Why running a password manager in Docker?
Setting up a read-only container
Let’s add new passwords!
Conclusion: How to block strace?

Why running a password manager in Docker?

Before we start, you may wonder why I wanted to run a password manager in a Docker container.

First of all, I like the idea of running a local password manager – as opposed to one running in a website – so that I understand where the passwords are stored, and where I back them up. Of course, that’s a personal choice, and I find it great that users have many options to choose from to setup a password manager.

The second part is running it in a container. I was quite inspired when I first read Jessie Frazelle’s blog post about running desktop applications in Docker containers a few years ago. I think it’s a great idea, for the following reasons.

From a security point of view, it allows to relatively easily restrict access to resources available to each application. My password manager doesn’t need access to either of the Internet, my sound card, or my documents – it only needs to access a password file and the clipboard. Without a container, all applications basically have access to all of the resources on my desktop.
It’s easy to setup, update and remove applications independently. You don’t have to worry about conflicting dependencies between applications, or about your favorite application not running on the latest Debian version. Each application is installed into its own “virtual” system – only the Linux kernel is shared between all of them. You don’t have to ask yourself where each application added configuration files on your host system.

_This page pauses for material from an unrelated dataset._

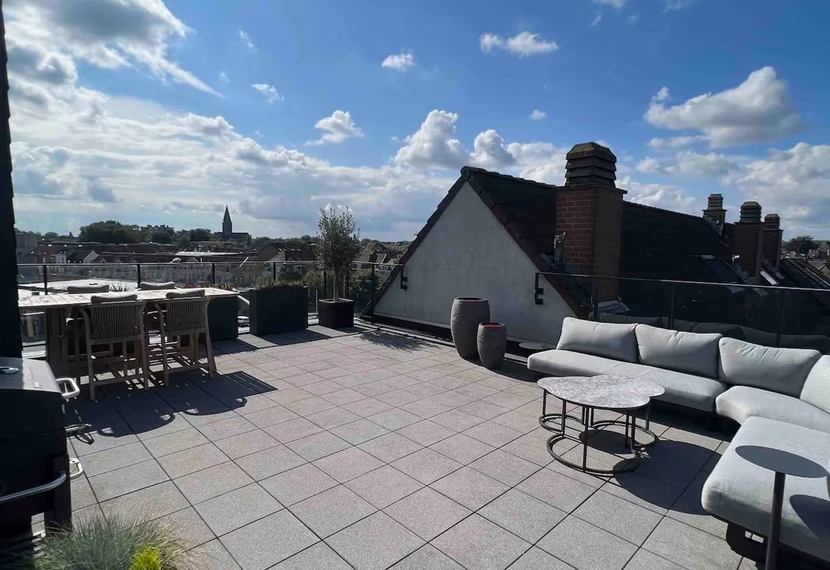 Te koop – Uniek penthouse met uitzonderlijk terras in hartje Kortrijk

The first downside is that each application takes a bit more space on disk (due to embedding all of its dependencies) but that’s not much of a concern today with 100+ GB of space on (SSD) disks.

The second downside is that too many restrictions of resources will break applications. So you have to tinker a bit to make things work again, but for me, that’s the fun part where I learn a lot about the Linux system. You may have already seen another of my Docker experiments in a previous blog post, otherwise I encourage you to take a look!

Setting up a read-only container

For this experiment, I decided to use KeePassXC, a cross-platform and open-source password manager. There is already a Dockerfile for it on Jessie’s GitHub, but I wanted to restrict a bit more the resources available to the password manager.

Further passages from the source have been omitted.